Wer hingegen viel in der Stadt unterwegs ist, verringert den Durchschnittsverbrauch. Das mag auf den ersten Blick paradox klingen, deutet allerdings auf die Stärken der Toyota-Hybrid-Technologie hin. Der Elektromotor setzt das Auto in Bewegung. Beim Anfahren verfügt dieser über eine deutlich bessere Beschleunigung als der Benzinmotor. Bei niedrigen Geschwindigkeiten, z.B. in Tempo 30-Zonen, oder wenn bei schnellerem Fahren nur Gas zum Halten des Tempos gebraucht wird, reicht der Strom für gut zwei Kilometer.

Die Batterie, die den Elektromotor antreibt, muss aber auch dann nicht an die Steckdose, denn der Strom wird an Bord produziert. Die Batterie wird durch Nutzung des Schwungs nach dem Dynamo-Prinzip aufgeladen.
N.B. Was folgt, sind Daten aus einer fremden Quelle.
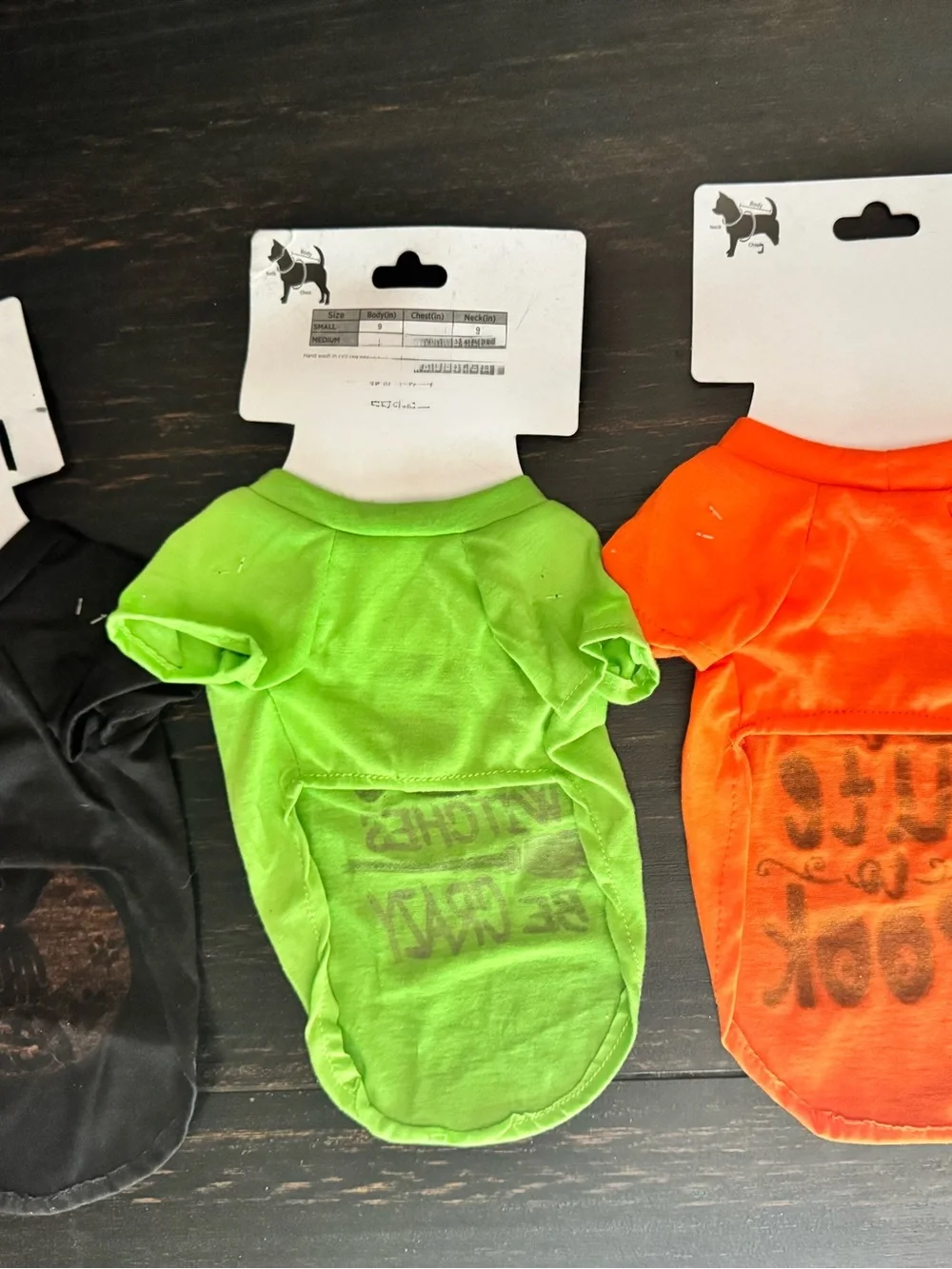 NWT! Set of 3 Happy Halloween Novelty Pet Tee Small 9”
Bremsenergie wird ebenfalls in die Batterie eingespeist. Jeder Bremsvorgang schafft so neue Energie. Ein Bordcomputer überwacht ständig den Ladezustand der Batterie und steuert ohne zu ruckeln den Einsatz beider Motoren.

Der 4,45 Meter lange Mittelklassewagen gleitet im Elektromodus fast geräuschlos dahin. Der Benzinmotor ist ausgeschaltet, die Verbrauchsanzeige im Monitor zeigt 0,0 Liter an. So ist der Toyota immer dann ein Null-Liter-Auto, wenn der herkömmliche Antrieb abgeschaltet bleibt: beim Rollen, beim Stopp an der Ampel oder im Stau. Es ist ein gutes Gefühl an der Ampel zu stehen, ohne Geräusch, ohne Abgas, während um einen rum alle anderen Autos weiterstinken. Man fühlt sich sehr fortschrittlich. Der niedrige CO2-Ausstoß von 104 g/km und der sehr gute Lärmwert von 69 db(A) haben dem Prius den ersten Platz in der diesjährigen VCD-Auto-Umweltliste beschert.

Der Hybrid kann seine Umweltvorteile im Stadtverkehr optimal ausspielen. Ob der Prius ein Familienauto ist, mag jeder selbst entscheiden. Ein Platznachteil des Prius ist jedenfalls in der tropfenförmigen Karrosserie angelegt. Sperrige Gegenstände, wie Kinderwagen finden nur unter Einsatz sanfter Gewalt Platz im Kofferaum. Und die eingangs erwähnten diversen elektrischen Piepgeräusche gehen einem Erwachsenen mit der Zeit auf die Nerven, aller Freude der Kinder zum Trotz.